S’appuyer sur des théories complotistes ou des arguments misogynes et racistes est la posture la plus simple pour imposer une position, influencer l’opinion ou promouvoir une censure inconcevable dans une démocratie qui se revendique ouverte et majeure. Cette censure contribue au particularisme de la Casamance, nourrissant les « imaginaires » que ce livre s’attache à déconstruire. Elle participe également de la servitude intellectuelle à laquelle la politique cherche à nous contraindre. Cette menace pèse non seulement sur le métier d’historien, mais sur l’ensemble des sciences humaines et sociales, marquant un déclassement de la production intellectuelle.

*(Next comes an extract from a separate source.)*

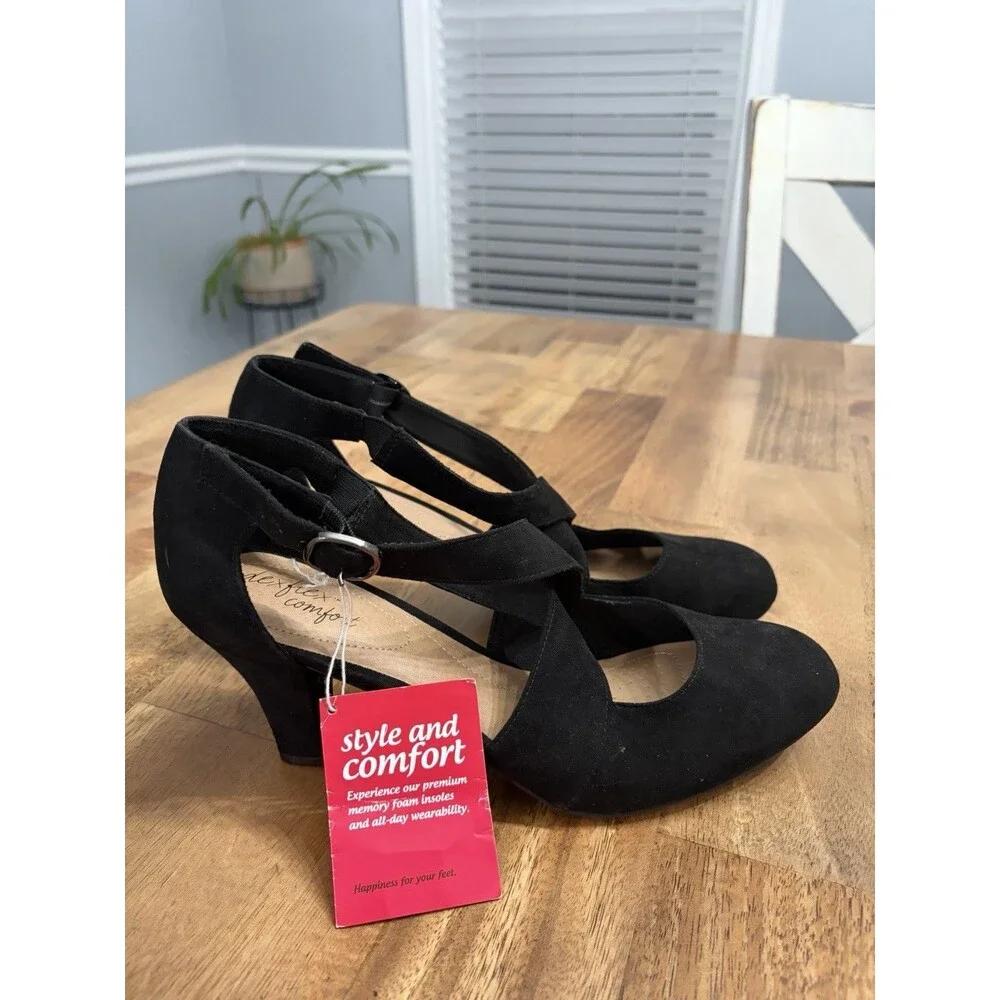 Dexflex Comfort Sz 11 Women's Macie Black Faux Suede Cross Strap Pump Heel, NIB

Instrumentaliser un objet de recherche revient à construire un récit biaisé, bien plus dangereux que de simplement interdire la commercialisation d’un livre – qui, paradoxalement, bénéficie d’une promotion accrue – dans un pays où peu de gens lisent et dans un contexte où les plateformes numériques facilitent la diffusion des publications. Au point que certains témoins ayant participé à l’ouvrage hésitent aujourd’hui, invoquant une temporalité mal adaptée au contexte actuel du Sénégal. Je reprends à mon compte ce que dit Mbougar Sarr sur le temps: il n’y a pas de moment idéal pour publier. Le temps politique n’est pas celui de la science, pas plus que le temps qui rythme la société. Cette recherche a débuté en 2000, et certains aspects ont déjà fait l’objet de publications par la même autrice ainsi que par d’autres collègues chercheurs.

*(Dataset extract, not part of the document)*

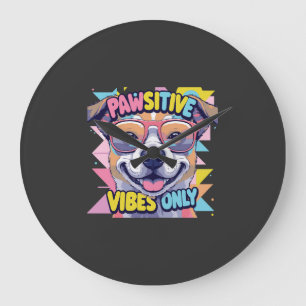 Vibes Only Funny Dog T-Shirt � Cool Dog Large Clock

Va-t-on reprocher à Armelle Mabon son livre sur le massacre de Thiaroye ? Assurément, non ! Les enjeux sont ailleurs : le Sénégal devrait, sur cette question, exiger la déclassification des rapports militaires afin que cette histoire soit connue et que la France s’acquitte de ses dettes matérielles et morales.
Pour en revenir à mon propos, ce livre dont je ne ferai pas une note de lecture, interroge l’historicité de l’idée d’autonomie de la Casamance dans les imaginaires coloniaux. Les sources utilisées (archives offrant diverses interprétations) contribuent à façonner et figer l’unité territoriale du Sénégal. L’idée d’autonomie, soutenue dans une perspective utilitariste et économique par les colons, nourrit en retour les imaginaires de la « différence casamançaise » qu’elle consolide. Le refus de l’autonomie est sans cesse réaffirmé, car elle ne servait que des ambitions personnelles, politiques et économiques. L’autonomie reste donc une hypothèse théorique ; les politiques actuelles rappellent à bien des égards les dispositifs mis en place pour consacrer l’unité territoriale et l’ancrage de la Casamance au Sénégal.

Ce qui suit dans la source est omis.